Hamilelikten sonra daha sık görülen türler yaygın anksiyete bozukluğu (GAD), obsesif-kompulsif bozukluk (OKB), akut stres bozukluğu (ASD) ve travma sonrası stres bozukluğu (TSSB).
Kadınlar anksiyete bozukluklarını erkeklerden daha fazla yaşama eğilimindedir.
Yaygın Anksiyete Bozukluğu (GAD)
Yaygın anksiyete bozukluğu, ismine rağmen, bir bireyi ne derece ve nasıl etkileyebileceği konusunda çok özeldir. Tanım olarak, YAB, çoğu gün ve altı aydan uzun süren kalıcı, aşırı ve müdahaleci bir endişedir.

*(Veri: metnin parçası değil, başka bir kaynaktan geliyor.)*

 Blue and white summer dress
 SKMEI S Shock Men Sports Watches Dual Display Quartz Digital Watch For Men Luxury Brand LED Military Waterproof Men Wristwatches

Hamilelik kaybı yaşayan kadınlarda GAD, bir dilatasyon ve tahliye (D&E) prosedürünü izleyen tıbbi komplikasyonlar, tekrarlanan düşükler hakkında endişeler veya altta yatan bir tıbbi veya genetik durumun kaybına katkıda bulunup bulunmadığına dair endişelerle başlayabilir. Bu korkular, yalnızca bir kadının doğal olarak hissedebileceği keder ve kayıp duygularıyla birleşir.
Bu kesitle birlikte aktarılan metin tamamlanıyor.